Turkey's fight against the Gülenist Terror Group (FETÖ) continues targeting the group's secret network of members everywhere. On Friday, the Istanbul Chief Prosecutor's Office issued arrest warrants for 38 suspects, including lawyers trained to be prosecutors and judges while prosecutors in Ankara sought the arrests of 20 former employees of the Turkish Radio and Television Corporation (TRT).
Operations were underway to capture the suspect when Daily Sabah went to print. In other operations in eight cities, seven lieutenants from the Turkish Armed Forces (TSK) were detained for links to the terrorist group blamed for July 15, 2016 coup attempt. The coup attempt, which killed 249 people across the country, was orchestrated by the terrorist group and carried out by its infiltrators in the military, prosecutors say. Dozens of people, including generals, were sentenced to life in prison at trials on the coup attempt since 2016, for their roles.
Operations against safe houses for lawyers who studied to be prosecutors and judges comes one month after 48 suspects were detained in the same probe. Prosecutors say FETÖ ran the houses and coordinated their occupants through handlers. Handlers were among those wanted in Friday's operations.
FETÖ is known for its widespread infiltration in the judiciary, law enforcement, military and bureaucracy. Through its followers in the judiciary, it is accused of orchestrating sham trials to imprison its critics or anyone it deemed an obstacle to its interests. After expanding its clout, it sought to topple the government, first in 2013, and then in the summer of 2016.

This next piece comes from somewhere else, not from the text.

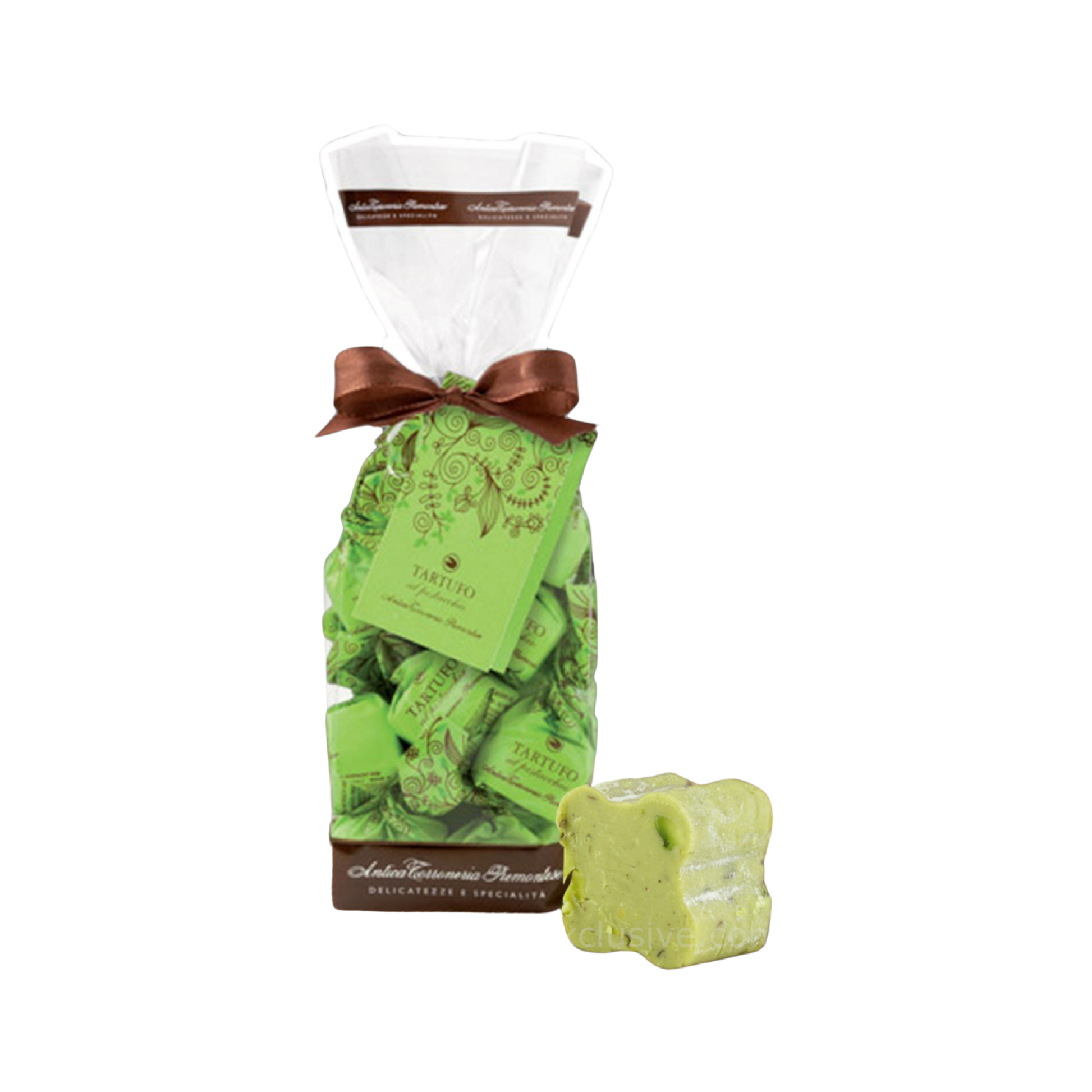 tartufi-pistazie-200g-beutel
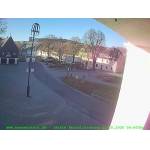 2026-05-01-06-40-Uhr.jpg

Prosecutors say FETÖ attached importance to its members in the judiciary and lawyers staying at safe houses were personally instructed to work hard to join the judiciary "until their noses bleed" by Fetullah Gülen, the U.S.-based leader of the terrorist group. Investigations show that the group ordered occupants of safe houses not to use cellphones or the internet, were sworn to secrecy and used different routes every time they visited the houses for the sole purpose of studying for exams. Would-be judges and prosecutors also had arranged marriages to women FETÖ picked for each and severed ties with friends not associated with the group.
Investigations also say that Gülen strictly advised would-be judiciary infiltrators to avoid actions that could give away their links to the group. FETÖ, which long posed as a charity with religious undertones, is known for instructing its infiltrators in other institutions to disguise themselves as non-religious people. "You will never openly perform [Islamic] prayers," Gülen allegedly ordered lawyers.
The last hearings of trials on the coup attempt this week were held on Friday. A brigadier general was sentenced to life on coup charges in the northern city of Samsun. Mehmet Şükrü Eken was garrison commander in that Black Sea city during the coup attempt and was arrested two days afterward.